WORK INSTRUCTIONS:
Nothing but the lines from the one holding "Floor Scraper - 8''" to the final line of the listing below, both included, should be repeated, and each must match exactly. Omit pictures.

┌─ RECORDS PROVIDED

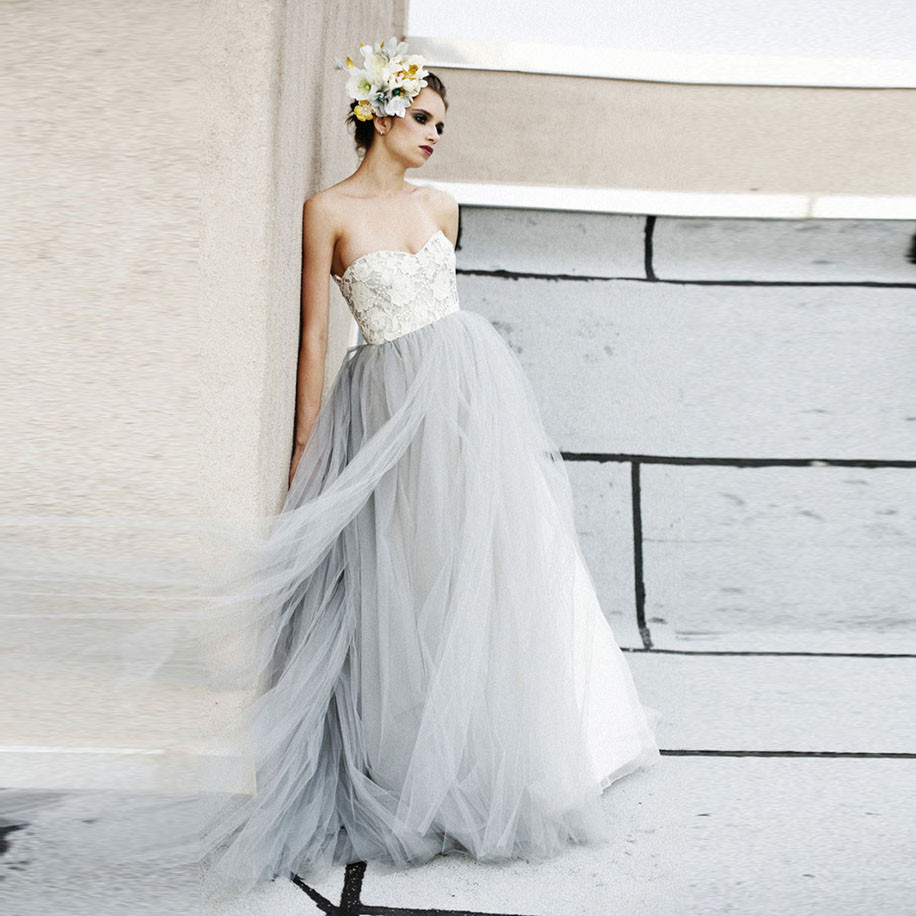 Grey Wedding Dress
 Aliexpress Buy Vintage Light Gray Tulle Lace Wedding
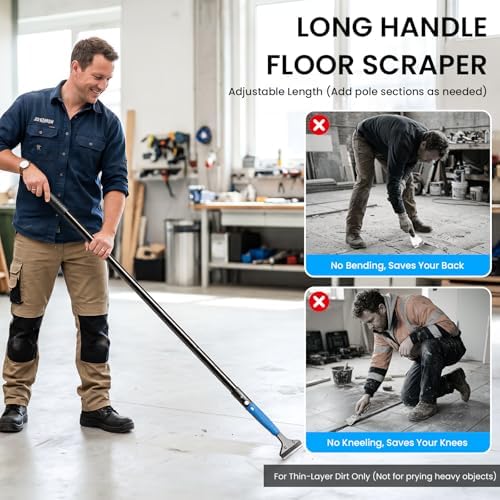 Floor Scraper - 8'' To 67'' Adjustable Long Handle - Image 3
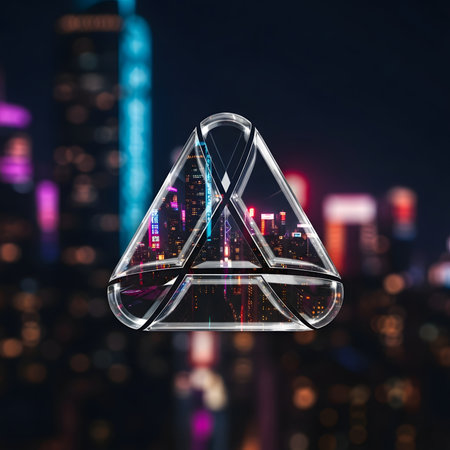 A futuristic architectural glass structure with a city skyline reflected inside, showcasing modern design and urban development.の素材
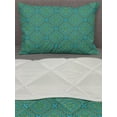 thumbnail image 3 of Oriental Comforter & Sham Bedding Set, Mandala and Paisley Like Motifs Traditional Illustration, 3 pcs Duvet Set Microfiber Filling Quilt, 5 Sizes, Teal and Multicolor, by Ambesonne, 3 of 4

└─

RESPONSE BOX:
 Floor Scraper - 8'' To 67'' Adjustable Long Handle - Image 3
 A futuristic architectural glass structure with a city skyline reflected inside, showcasing modern design and urban development.の素材
 thumbnail image 3 of Oriental Comforter & Sham Bedding Set, Mandala and Paisley Like Motifs Traditional Illustration, 3 pcs Duvet Set Microfiber Filling Quilt, 5 Sizes, Teal and Multicolor, by Ambesonne, 3 of 4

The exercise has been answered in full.